(10) Sampling and Estimation Flashcards
LOS 11. a: Define simple random sampling and a sampling distribution.
Simple random sampling is a method of selecting a sample in a way that each item or person in the population being studied has the same probability of being included in the sample. Each number is chosen using either of the following methods: random number generator or selecting every kth element
LOS 11. a: Define simple random sampling and a sampling distribution.
A sampling distribution is the distribution of all values that a sample statistic can take on when computed from samples of identical size randomly drawn from the same population.
LOS 11. b: Explain sampling error.
Sampling error is the difference between a sample statistic and its corresponding population parameter (e.g., the sample mean minus the population mean).
LOS 11. c: Distinguish between simple random and stratified random sampling.

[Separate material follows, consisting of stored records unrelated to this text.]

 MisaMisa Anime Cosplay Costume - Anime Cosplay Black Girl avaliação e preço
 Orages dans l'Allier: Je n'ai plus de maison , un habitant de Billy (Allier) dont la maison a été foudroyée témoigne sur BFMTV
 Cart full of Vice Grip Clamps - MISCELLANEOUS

Also, what are the steps to create a stratified random sampling?
Stratified random sampling involves randomly selecting samples proportionally from subgroups that are formed based on one or more distinguishing characteristics, so that the sample will have the same distribution of these characteristics as the overall population.
Stratified random sampling reduces sampling error
Step 1: population is divided into sub-populations
Step 2: Simple random samples are dranw from each strata in proportion to their size
LOS 11. d: Distinguish between time-series and cross-sectional data.

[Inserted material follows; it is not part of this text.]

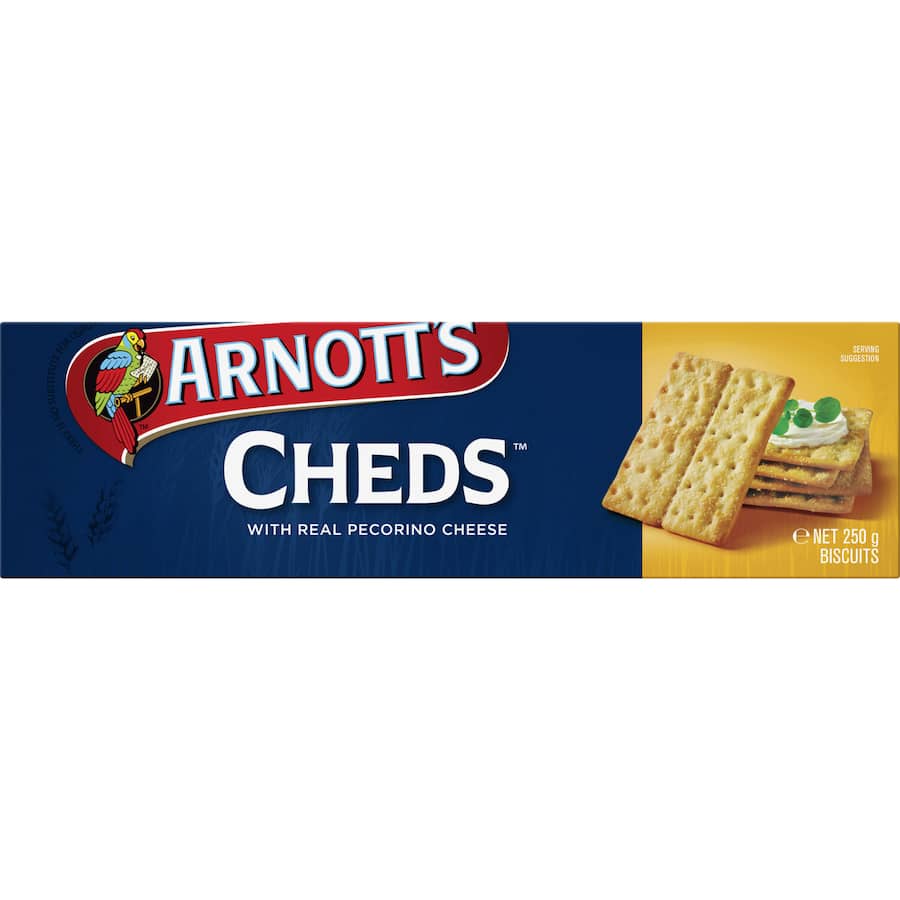 Arnotts Crackers Cheds Box 250g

Time-series data consists of observations taken at specific and equally spaced points in time. This is only for one observational unit
Ex of time series: ABC daily stock prices
Cross-sectional data consists of observations taken at a single point in time. This includes many observational units.
Ex of cross-sectional: Free cash flow/ debt ratio for U.S Industrials
LOS 11. e: Explain the central limit theorem and its importance.

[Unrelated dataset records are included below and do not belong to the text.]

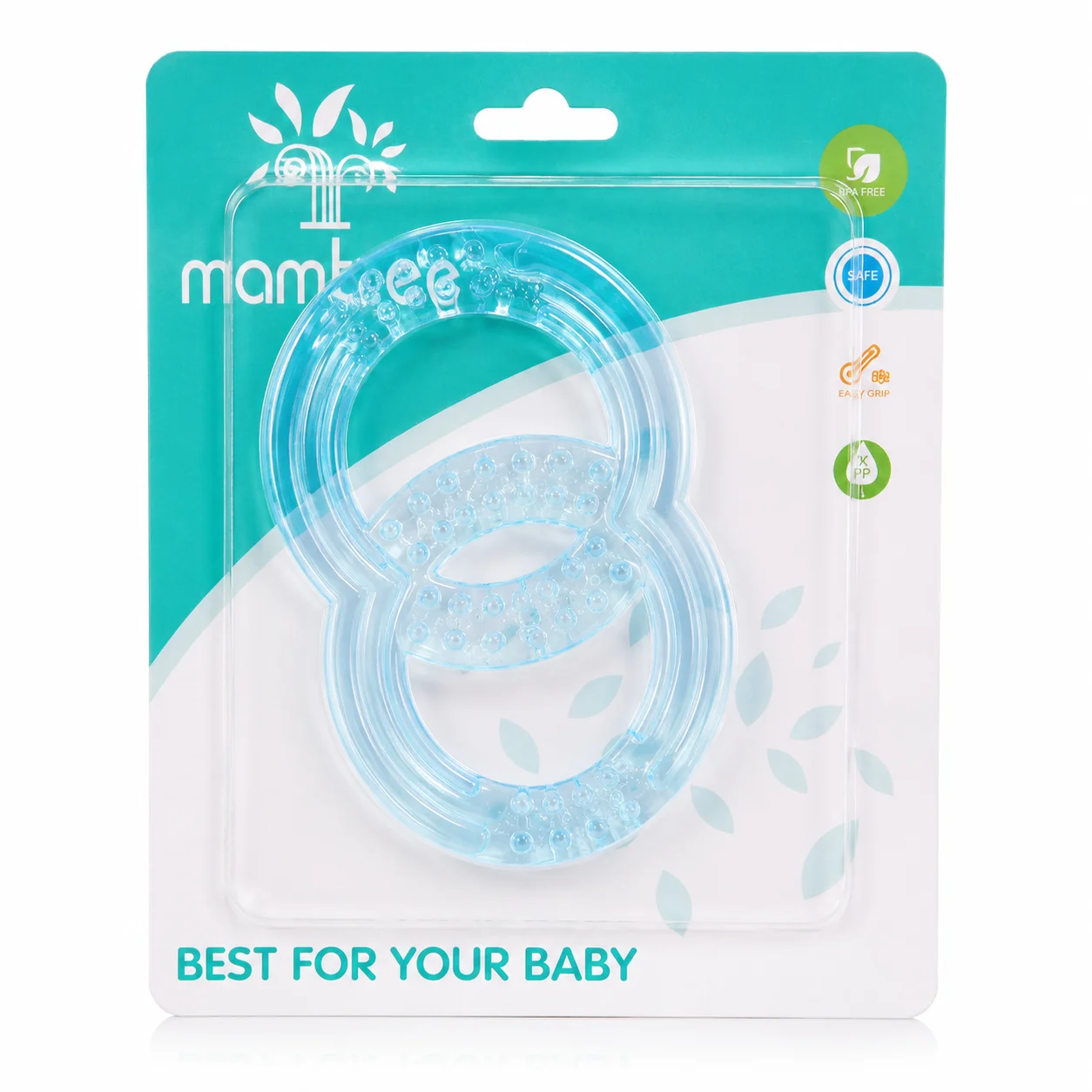 Baby Triangle Water-Filled Teething Ring | BPA-Free Soft Cooling Teether for Infants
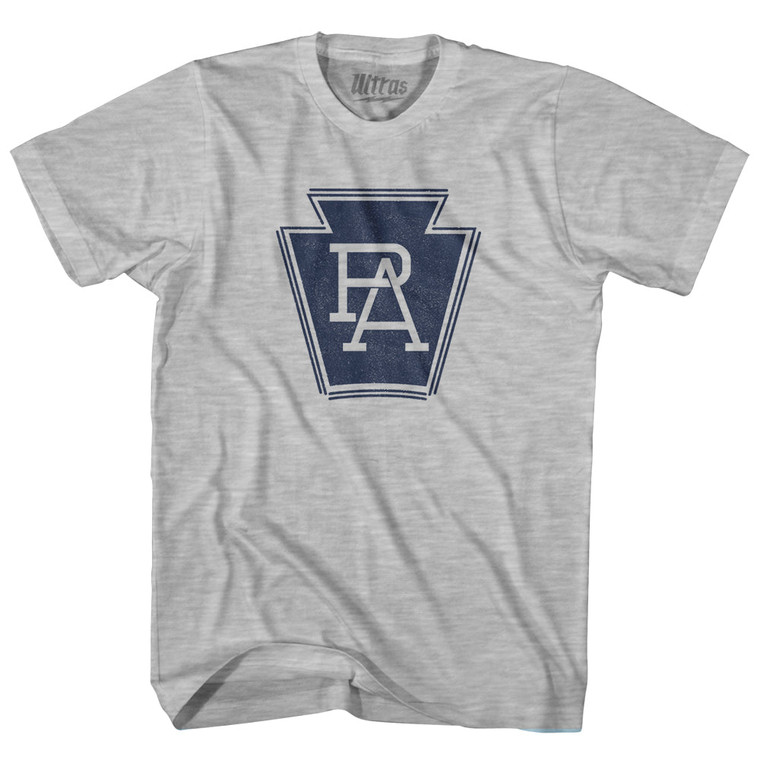 Pennsylvania PA Crest Womens Cotton Junior Cut T-Shirt - Grey Heather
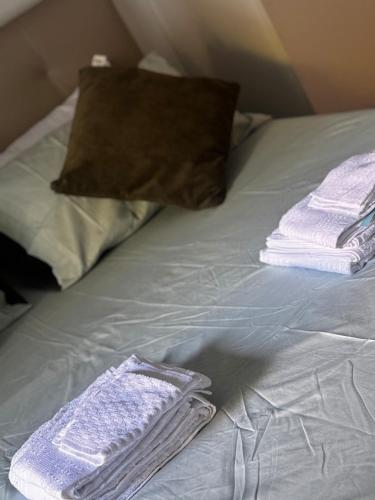 Letto o letti in una camera di rachel house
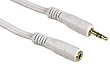 DURAGADGET 3.5mm Gold plated Extension Cable - Headphone Plug - Jack 2m for Sony Ericsson W610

The central limit theorem states that for a population with a mean µ and a finite variance σ2, the sampling distribution of the sample mean for all possible samples of size n (for n >= 30) will be approximately normally distributed with a mean equal to µ and a variance equal to σ2/n.
LOS 11. f: Calculate and interpret the standard error of the sample mean.
The standard error of the sample mean is the standard deviation of the distribution of the sample means and is calculated as:
σXbar = s/(n1/2), where σ, the population standard deviation, is known
sx = s/(n1/2), where s, the sample standard deviation, is used because the population standard deviation is unknown.
As n increases, SE will decrease
LOS 11. g: Identify and describe desirable properties of an estimator.
Desirable statistic properties of an estimator include:
- Unbiasedness (sign of estimation error is random; the expected value of the estimator equals the parameter being estimated),
- Efficiency (lower sampling error than any other unbiased estimator)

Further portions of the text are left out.